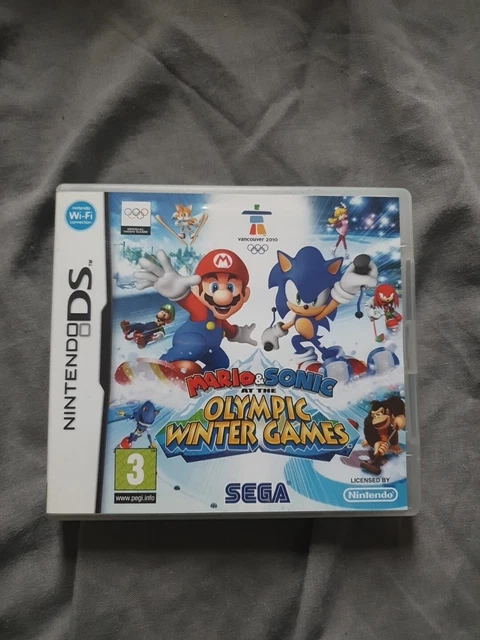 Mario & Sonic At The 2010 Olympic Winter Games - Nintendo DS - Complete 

* * *

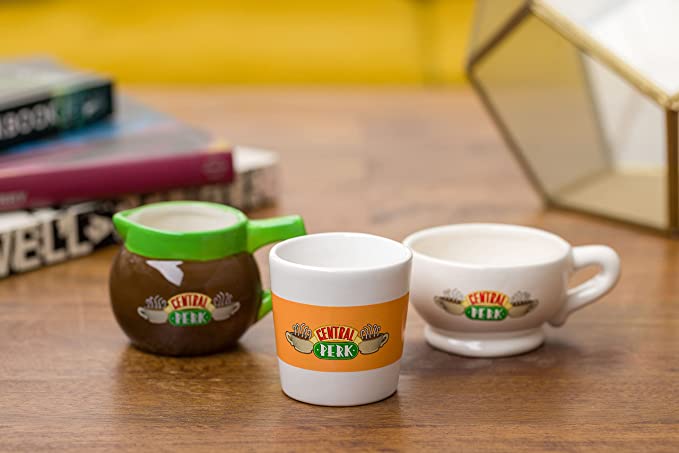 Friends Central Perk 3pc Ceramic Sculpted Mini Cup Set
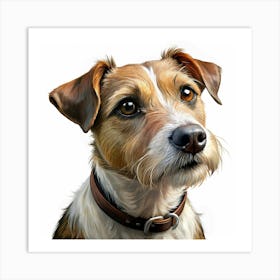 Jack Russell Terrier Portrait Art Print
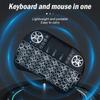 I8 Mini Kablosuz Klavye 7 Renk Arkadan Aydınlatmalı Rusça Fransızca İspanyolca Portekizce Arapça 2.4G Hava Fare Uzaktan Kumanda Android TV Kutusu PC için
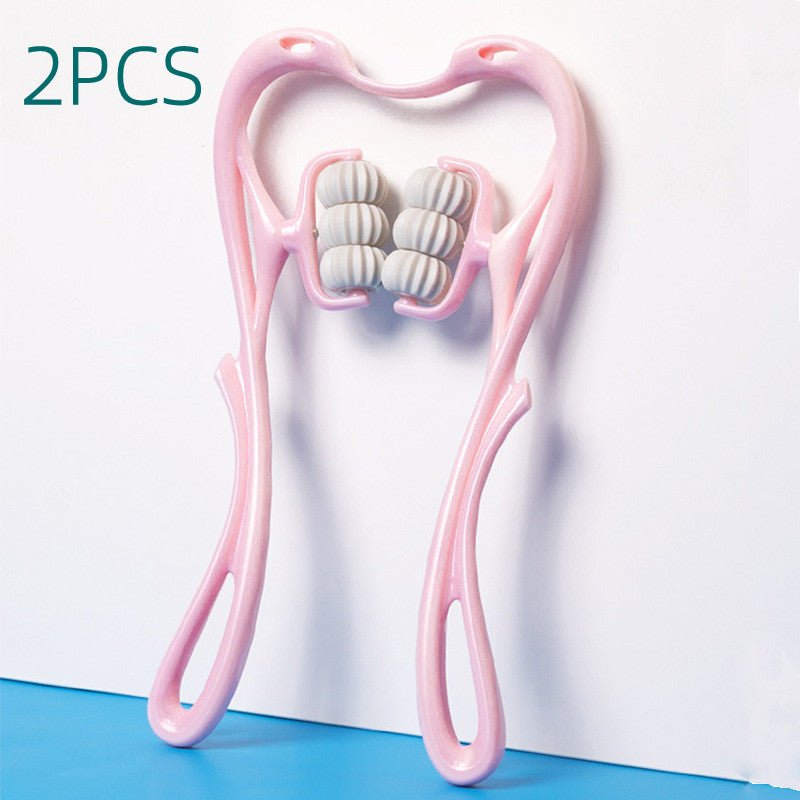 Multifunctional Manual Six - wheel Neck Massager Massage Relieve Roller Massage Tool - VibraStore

**ACTIVITY**
With the pictures omitted, print the lines above exactly, beginning at the line with "I8 Mini Kablosuz" and going on through the line with "Multifunctional Manual Six".

**SOLUTION TO THE EXERCISE**
 I8 Mini Kablosuz Klavye 7 Renk Arkadan Aydınlatmalı Rusça Fransızca İspanyolca Portekizce Arapça 2.4G Hava Fare Uzaktan Kumanda Android TV Kutusu PC için
 Multifunctional Manual Six - wheel Neck Massager Massage Relieve Roller Massage Tool - VibraStore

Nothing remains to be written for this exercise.